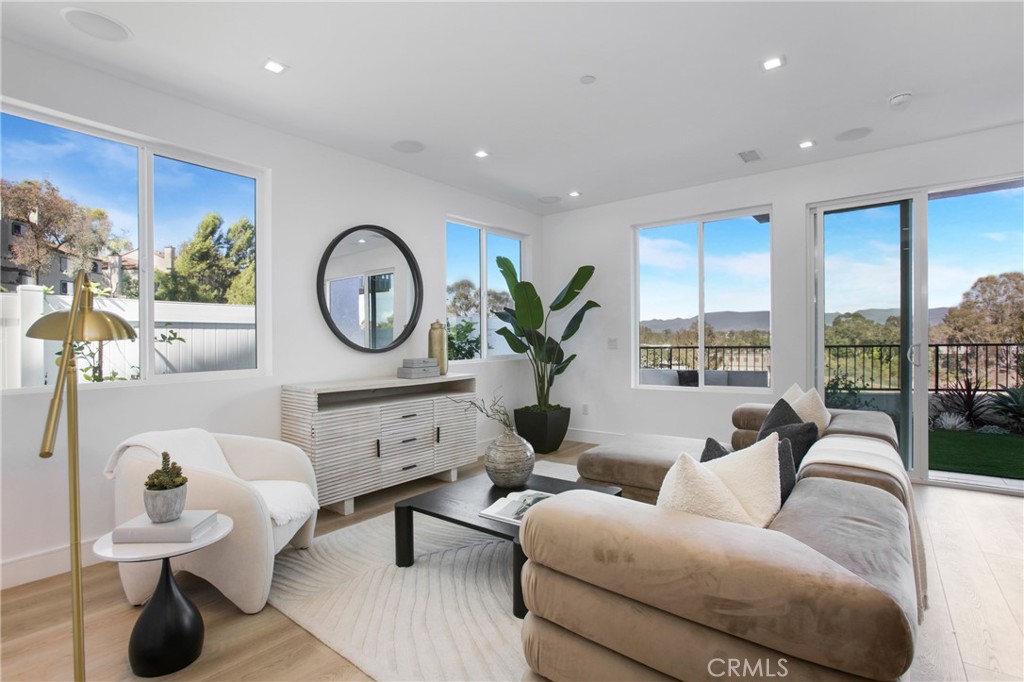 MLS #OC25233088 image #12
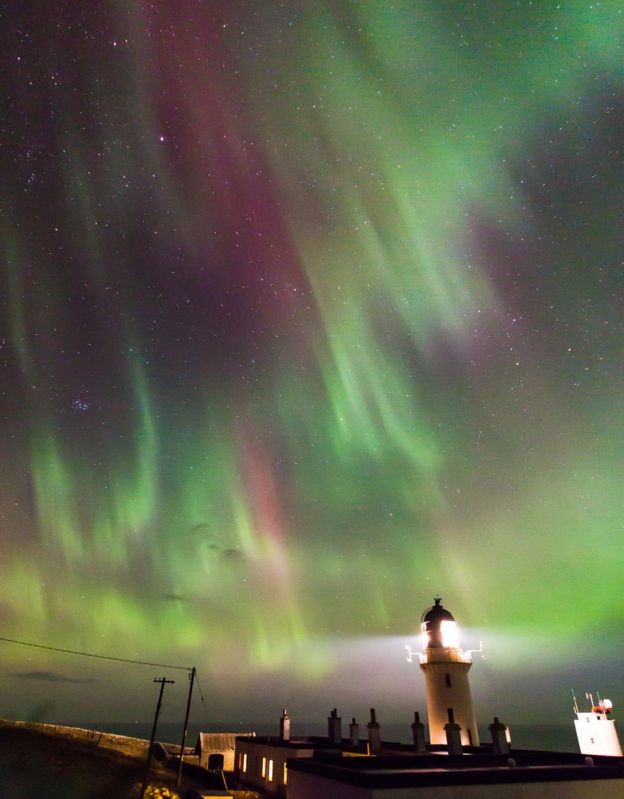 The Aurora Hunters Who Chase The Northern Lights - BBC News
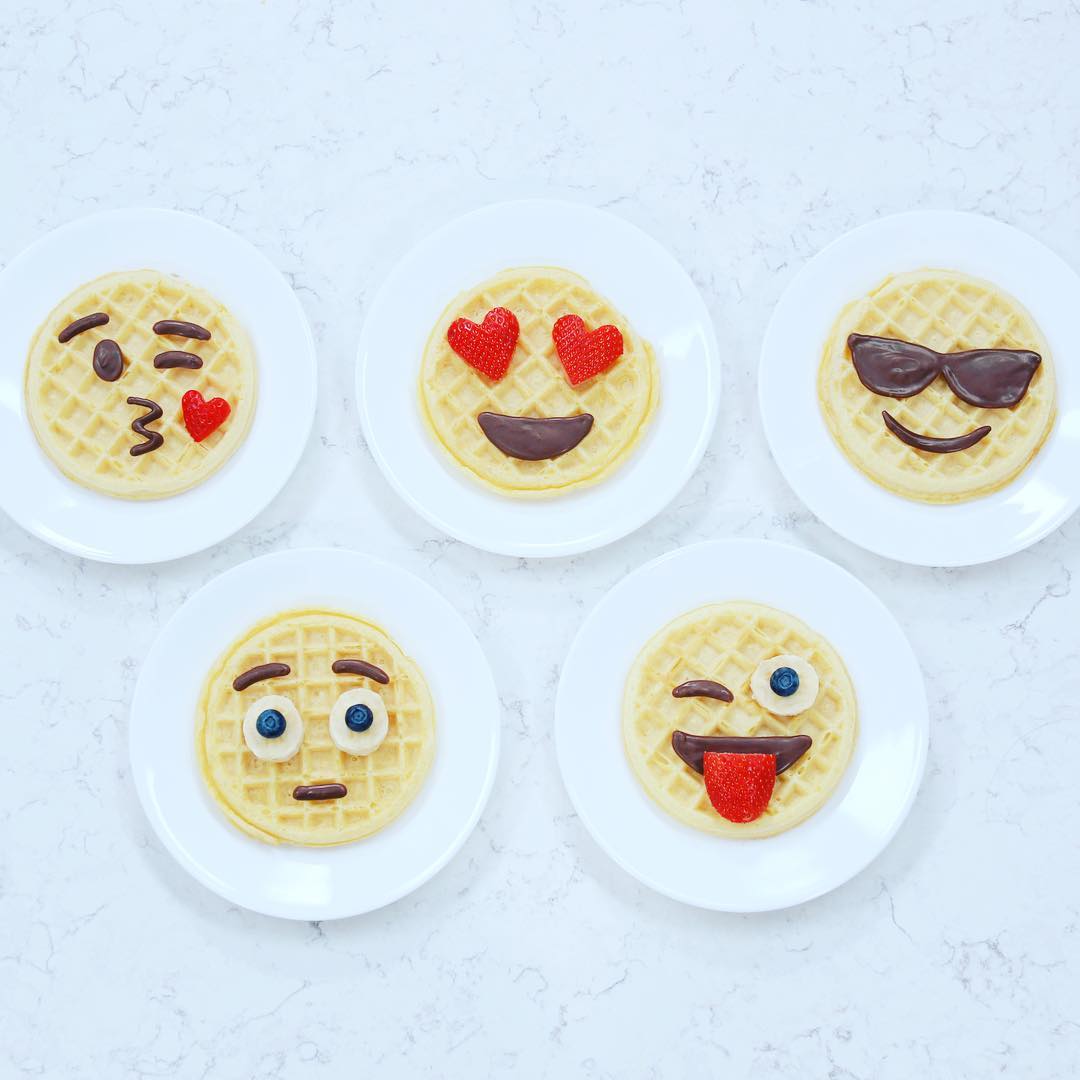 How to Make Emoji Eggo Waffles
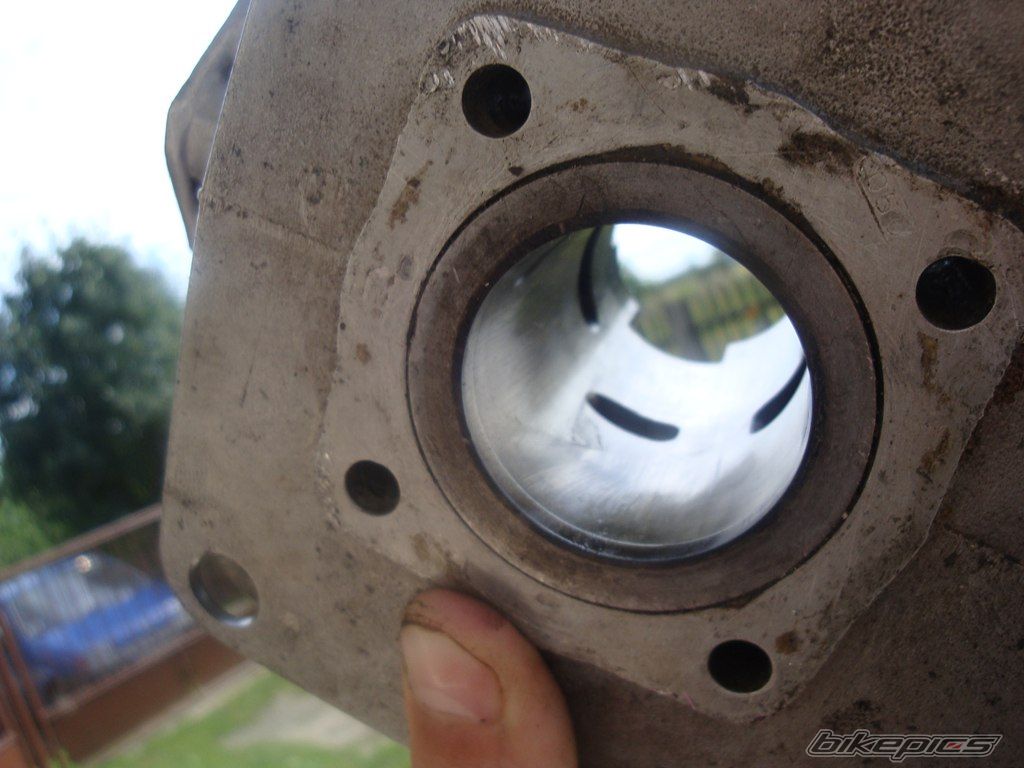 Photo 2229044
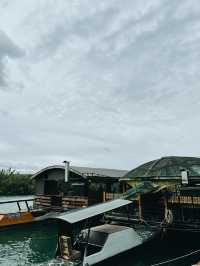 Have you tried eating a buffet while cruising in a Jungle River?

Work instruction » An exact reprint of every record is required, with the pictures omitted.

Exercise output »
 MLS #OC25233088 image #12
 The Aurora Hunters Who Chase The Northern Lights - BBC News
 How to Make Emoji Eggo Waffles
 Photo 2229044
 Have you tried eating a buffet while cruising in a Jungle River?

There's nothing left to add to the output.